Just need some confirmation of some information regarding financial assets. Is the unrealized gain/loss of a financial asset (available for sale, held for trading) for any given period calculated as:
Fair Market Value - Amortized Cost
I made the mistake in a practice question of calculating the unrealized gain/loss of an available-for-sale security by using:
End of Period Fair Value - Beginning of Period Fair Value
Only to see in the solution that they used:
End of Period Fair Value - End of Period Amortized Cost.
The key is that you have to report the security at fair market value; thus, you have to capture the entire gain or loss somehow. If some of it is realized (e.g., through amortization), then only the remainder is unrealized.
I don’t think I’m fully grasping what is going on here. What is confusing me most is that I don’t understand why amortized cost is coming into play when we are dealing with an AFS security, which I thought we carried at fair market value.
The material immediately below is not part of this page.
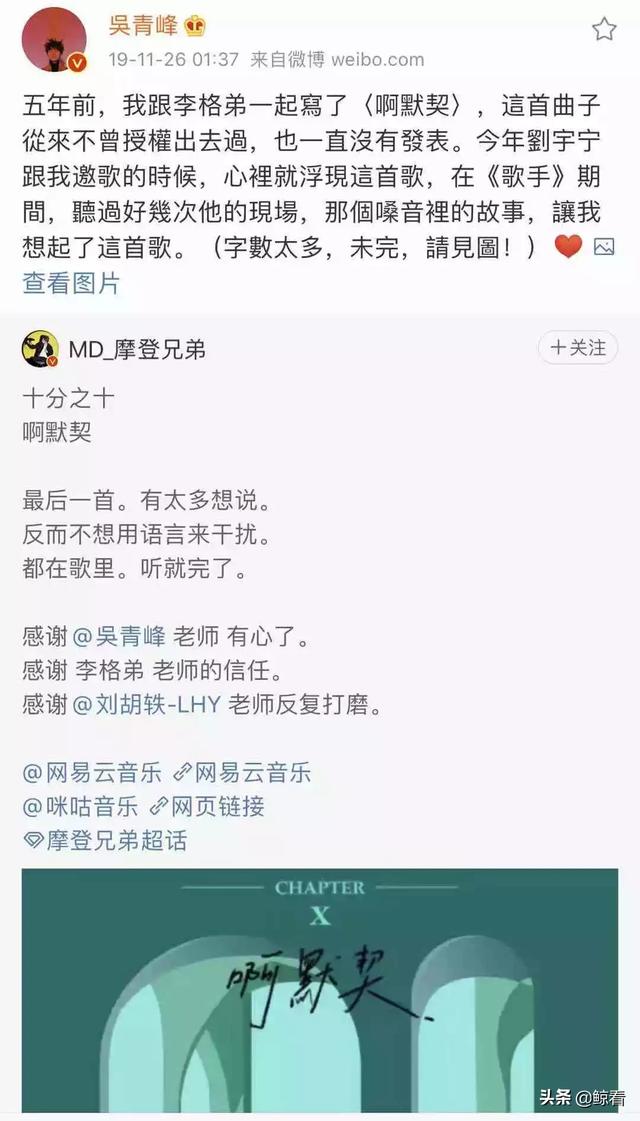 杨宗纬被指暗讽吴青峰刘宇宁，三人之间到底有啥“爱恨纠葛”?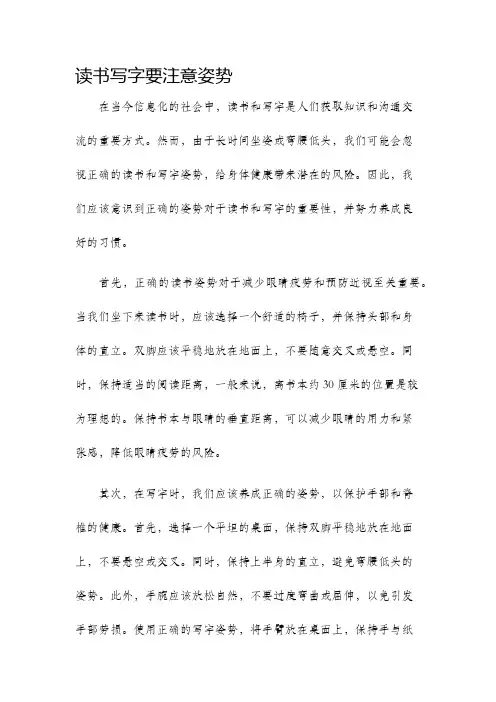读书写字要注意姿势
I hate to ask, but could you maybe give an example of your explanation?
Ok, I think I finally understand what you mean that you have to capture the entire gain or loss somehow.
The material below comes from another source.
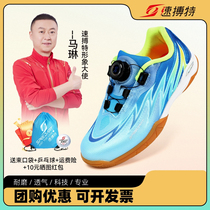 Subote Hot Wheels Childrens Professional Table Tennis Shoes Special Shoes for Men and Women Breathable Sports Anti-Slip Training Shoes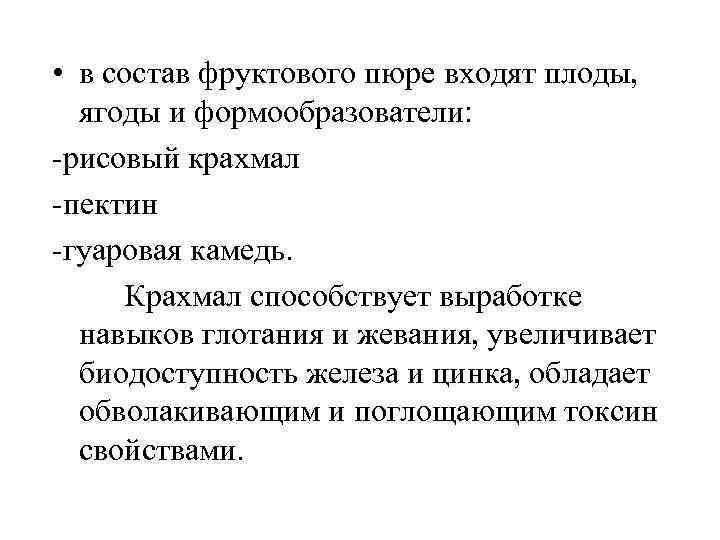  • в состав фруктового пюре входят плоды, ягоды и формообразователи: -рисовый крахмал -пектин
The amortization of $3,000 in 2011 is a realized loss for company A. So in order to capture the entire gain, the unrealized gain must equal $48,000 to effectively reverse that $3,000 loss.
Just to follow-up on that one, do we use the same procedure for the FV through P&L securities (i.e. that the unrealized gain or loss is the difference between FV and amortized cost)? Except from the fact that the unrealized G&L are directly reported to net income.